Record-shattering heat from Alaska to Europe has generated headlines this summer, and glaciers from North America to the Himalayas are melting even faster than previously thought. Time is short, scientists warn, to prevent cataclysmic changes in the climate, but denial remains firm in Washington, D.C., and other centers of power around the globe.
One possible solution will be explored in “The Youth Climate Movement Could Save the Planet,” the first in the 2019 Hamptons Institute series of topical panel discussions, on Monday at 7 p.m. at Guild Hall in East Hampton.
Gordian Raacke, executive director of Renewable Energy Long Island, will join Michael Mann, director of the Earth System Science Center at Penn State University, Alexandria Villasenor, a co-founder of U.S. Youth Climate Strike and founder of Earth Uprising, and Jerome Foster II, a student activist and founder of the environmental blog The Climate Reporter, on Monday’s panel.
Jessy Tolkan, executive director of Purpose Labs, which builds and supports “movements to advance the fight for an open, just, and habitable world,” according to its website, will serve as moderator.
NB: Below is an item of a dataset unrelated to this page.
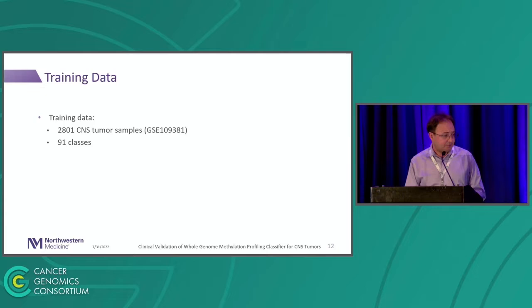For training data, we use the data from the 2018 German paper — GEO accession GSE213013 — which comes with 2,801 CNS samples and 91 classes of CNS tumors. It's a very rich, well-curated, high-quality dataset. That paper is really impressive, and the dataset is the biggest strength of it.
The discussion is intended to address the latest science and focus on the youth around the world who are taking action to address climate change. Much of that action was inspired by Greta Thunberg, a 16-year-old from Sweden who began a weekly strike from school in order to protest climate inaction. She has become something of an international celebrity, traveling by train to attend international conferences and scolding those who had arrived and would depart in private jets.
On Monday, Ms. Thunberg announced that she would travel to New York aboard a racing yacht that is outfitted with solar panels and underwater turbines to generate electricity, in order to attend the U.N. Climate Action Summit in September, the Santiago Climate Change Conference in December, and other events.
Last week, Ms. Thunberg and the 1975, a British rock ’n’ roll band, released a recording called “The 1975,” in which she recites an essay. “We must admit that we are losing this battle,” she says in it. “We have to acknowledge that the older generations have failed. All political movements in their present form have failed. But Homo sapiens have not yet failed.”
“Greta is going to be there in spirit,” Mr. Raacke said of Monday’s discussion. Of those who will attend in material form, Mr. Mann “is probably one of just a handful of top-notch climate scientists here in the U.S.,” he said. “He is a very knowledgeable climate scientist, but also very outspoken, and doesn’t mince words.”
Mr. Raacke likened Ms. Villasenor to “the Greta Thunberg of the U.S.A.,” a 14-year-old New Yorker who skips school on Fridays to protest inaction on climate in front of the United Nations headquarters.
Mr. Foster attends Washington Leadership Academy, a public charter school. He started a virtual reality company and works with the Smithsonian Institution and the Climate Reality Project.
Tickets for “The Youth Climate Movement Could Save the Planet” are $25, $35, and $55, or $23, $33, and $50 for members of Guild Hall. They are available at the box office, by calling 631-324-4050 or 866-811-4111, or at theatermania.com. Special tickets, at $500, include premium seating and a post-discussion reception with the panelists. Free student rush tickets, if the event is not sold out, will be available on Monday at the box office.
The series will continue on Aug. 12 with “Latino Immigration Issues on the East End and Beyond” and “The Future of Leadership” on Aug. 19.